Almelo is a municipality and city in Twente, a region of Overijssel, the Netherlands.

Understand[edit]

Almelo came to be in medieval times, its name consisting of olm, the Germanic name for an elm tree and lo, a forest on sandy grounds. The town from back then was located where the Almelose Aa stream and a country road used primarily for trade met. This was where Huis Almelo (Almelo Estate) was built before 1236, rebuilt in 1652 and restored in 1666.

Almelo has been a city since before 1420, having a moat but lacking a wall. The city therefore has never had any military importance. During the seventeenth and eighteenth century, weaving became more and more important.

The coming of the first steam engine to the city in 1830 started a wave of mechanising and centralising the weaving in factories.

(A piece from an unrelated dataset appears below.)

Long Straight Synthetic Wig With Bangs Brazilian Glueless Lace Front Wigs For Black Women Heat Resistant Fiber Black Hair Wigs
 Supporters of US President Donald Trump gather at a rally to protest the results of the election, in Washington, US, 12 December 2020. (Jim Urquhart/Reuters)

This upcoming textile industry in Almelo and most of Twente and parts of the Achterhoek meant the coming of the Overijssels Kanaal (Overijssel Channel) in 1855 and the railway line from Almelo to Salzbergen near Rheine, Germany. These two transport ways increased welfare and trade in the city, leading to the creation of many country estates and villas in Jugendstil, expressionistic and neo-romantic styles.

Due to its lack of fortifications, Almelo played little of a role in the Second World War. On November 15th of 1944 this changed. A small team of eight men active in the underground resistance army managed to pull off the biggest bank heist of the Netherlands, stealing a total of thirteen chests of money worth 46.1 million Guilders (€285 million (US$337 million) in today's money). The money, stolen from the Nederlandsche Bank on the Wierdensestraat, was later used for the 1944 railway strike in which thirty thousand people partook in order to hinder German transports. The strike lasted until the liberation of the Netherlands in May of 1945. The high amounts of money were only temporarily located in Almelo, as the Reichskommissar Seyss-Inquart ordered for the money to be moved from Arnhem to Germany, temporarily storing it in Almelo during transport. The heist was coordinated by Derk Smoes who worked at the bank, and was justified by the Dutch government-in-exile. The heist, no matter how great it was, ended in tragedy. Before the end of the year the Nazi-Germans managed to take back the money and arrest nine people. Six of them were executed.

The crash of the textile industry in the Eastern Netherlands around the 1960s and 1970s brought an end to the industry in Almelo. Foreign labour made it harder on the local factories to keep producing at costs becoming lower and lower. This led to the closure of many factories, resulting in mass-unemployment, which can still be seen today, though in lesser amounts.

Get in[edit]

By car[edit]

Almelo is located at the western end of the A35 highway, connecting it to Enschede, after which is continues in Germany as Bundesstrasse 54, connecting to Münster, Dortmund and Hagen.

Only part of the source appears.